- _SOURCE MATERIAL_
=== Begin Enclosure ===
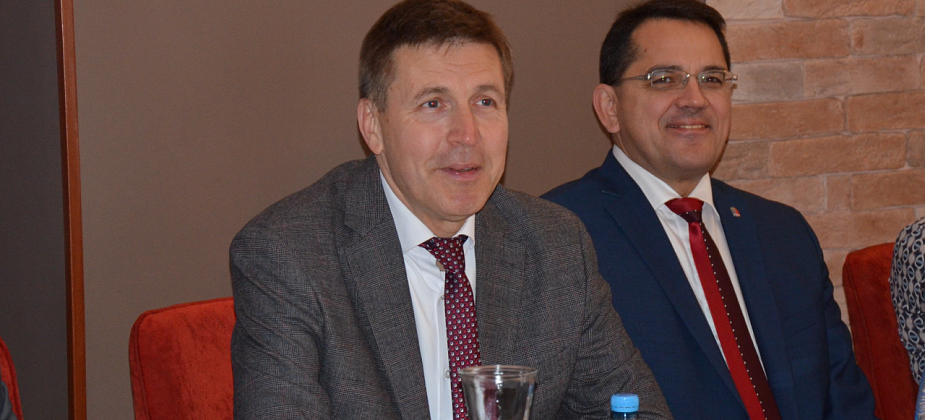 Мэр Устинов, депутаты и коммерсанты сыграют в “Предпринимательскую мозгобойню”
=== End Enclosure ===
=== Begin Enclosure ===
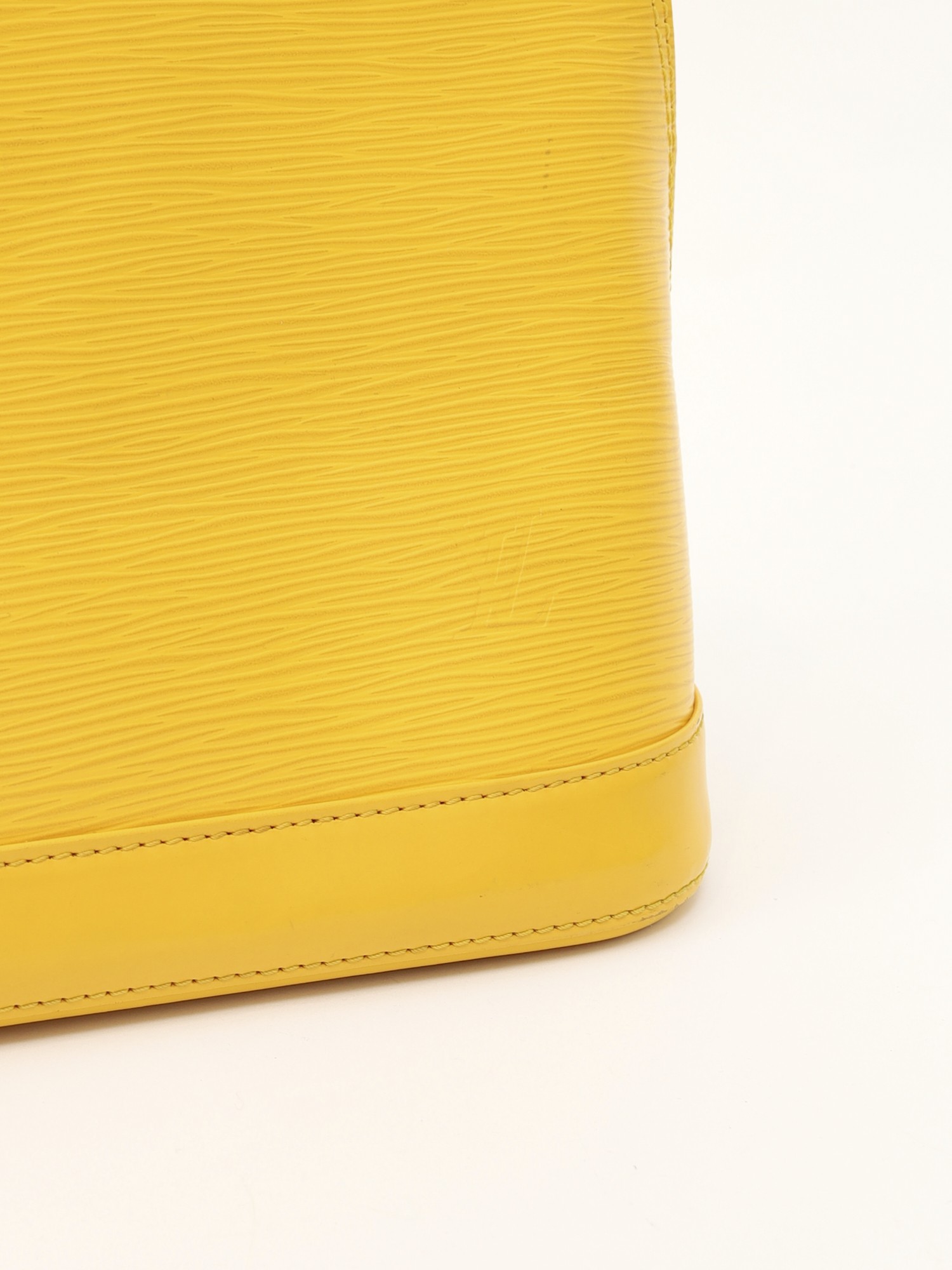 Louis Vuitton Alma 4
=== End Enclosure ===
=== Begin Enclosure ===
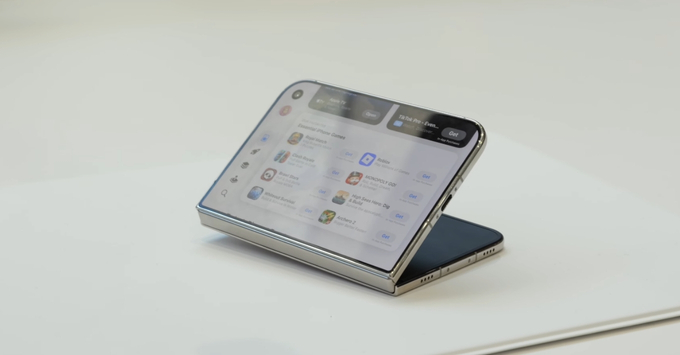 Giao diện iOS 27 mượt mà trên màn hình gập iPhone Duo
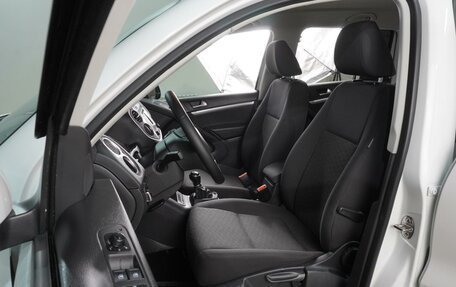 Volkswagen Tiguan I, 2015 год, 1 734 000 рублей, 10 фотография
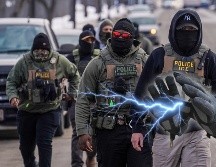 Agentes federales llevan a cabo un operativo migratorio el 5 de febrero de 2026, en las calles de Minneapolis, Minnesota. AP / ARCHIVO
=== End Enclosure ===
Please copy the lines above exactly, starting at the line that holds "Giao diện iOS" and ending at the line that holds "Agentes federales llevan"; include both, but no pictures.

 Giao diện iOS 27 mượt mà trên màn hình gập iPhone Duo
 Volkswagen Tiguan I, 2015 год, 1 734 000 рублей, 10 фотография
 Agentes federales llevan a cabo un operativo migratorio el 5 de febrero de 2026, en las calles de Minneapolis, Minnesota. AP / ARCHIVO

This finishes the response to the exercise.